Naturally, James wouldn't be in the picture...
But still gave him a friendly pat afterward...
And...this is just cute....

On the way home with their fire-related goody bags and hats...

Tuesday, July 6, 2010

Pleasant Goat

Well, as most of you know, Pete has returned from China. This means you're back to me. Hello, my name is Rosie. Pete only blogs from China.

Actually, I do have one more China-themed post for you, fair readers, who I'm assuming have now multiplied into at least 10 or so, only to gradually tapper off as my husband's witty and insightful travel writing becomes a distant memory.

Pete brought home "surprises" for the kids as spoils from his haggling with Chinese merchants. One (well, 2, one for each kid) was a kite featuring a popular Chinese character named "Pleasant Goat," whom I can only assume is China's answer to Hello Kitty.

He apparently saw a kid running around with one in China and thought our kids would love them. And they did. No wind necessary, just run around and up you go.

However, what I couldn't have expected him to realize was that this toy is only ideal for sibling-less Chinese children. Throw another child into the mix, and it's just a mess. Took about 5 minutes for the two kites to become hopelessly entangled with each other. But not before James tripped over the curb while running with Mr. P. Goat and re-skinned his already-skinned knee. (Any tips on how to keep the skin on a 2-year-old's knee during summer would be welcomed).

I managed to snap a couple of photos before the chaos and meltdowns.

I did a lot of yelling. Quite pleasant, really.

Sunday, July 4, 2010

The View from Home - the Final China Blog, 2010

I'm pleased to report that my trip from Beijing to Portland went off seamlessly yesterday, even slightly better than planned, considering that I unexpectedly got to travel with some classmates on the way home.

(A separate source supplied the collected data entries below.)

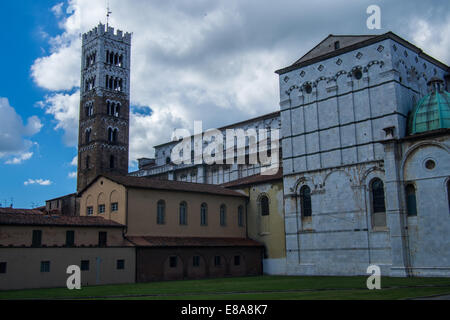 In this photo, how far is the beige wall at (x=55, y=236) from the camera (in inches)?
1273

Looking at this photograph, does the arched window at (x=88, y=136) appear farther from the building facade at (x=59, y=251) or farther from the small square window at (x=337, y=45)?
the small square window at (x=337, y=45)

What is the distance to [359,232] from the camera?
36.8 meters

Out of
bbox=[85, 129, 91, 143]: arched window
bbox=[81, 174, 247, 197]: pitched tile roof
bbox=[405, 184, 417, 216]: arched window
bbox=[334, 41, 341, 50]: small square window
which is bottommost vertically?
bbox=[405, 184, 417, 216]: arched window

One of the underrated aspects of travel is the unique pleasure of reuniting with family upon returning, and I definitely savored this homecoming, after almost three weeks abroad.

But now, sitting in my kitchen at 7AM (I was wide-awake at 5:30 and may not be conscious for fireworks tonight!) contemplating my trip, I'm not quite sure how to summarize my experiences in a satisfying way. I can't hope but to give myself, much less you, the reader, more than a glimpse into even the very small fragments of China that I was part of, so I've been feeling at a loss. Of course, this feeling could be partly due to the fact that I "lost" my camera ("Lost" in quotes because it turns out that at least one other camera and an iPhone suffered a similar fate that night) while enjoying some Beijing nightlife on our last night together as a group, and am unable to report pictorially on the Beijing Zoo (Pandas!), Olympic Pavillion (Bird's Nest and Water Cube), and my first venture into the wonderful world of Karaoke.

But it's much more likely though that I feel unable to summarize my trip because I'm unwilling to admit that the process of synthesizing experience into knowledge is over for now. During our stint in Beijing our professor often urged us to be in "learning, not judging" mode, a refrain that became a sort of half-joke among many of us every time we witnessed something bizarre. (The predatory-cat house at the zoo has toxic levels of ammonia in the air? Well, maybe that's how the cats like it here! Learning, not judging people!)

And maybe that's summary enough. International travel tends to have that effect - you are so disoriented (dis-Oriented?) that you have to question the thousands of "judgments" that are otherwise constantly and unconsciously permeating your internal monologue.

I hope this journal has been entertaining and mildly thought provoking over the last couple of weeks, and thanks everyone for your comments. It's been great to have this forum in which to extrude and refine my thinking, but I'm ready to give it back to Rosie for a while now!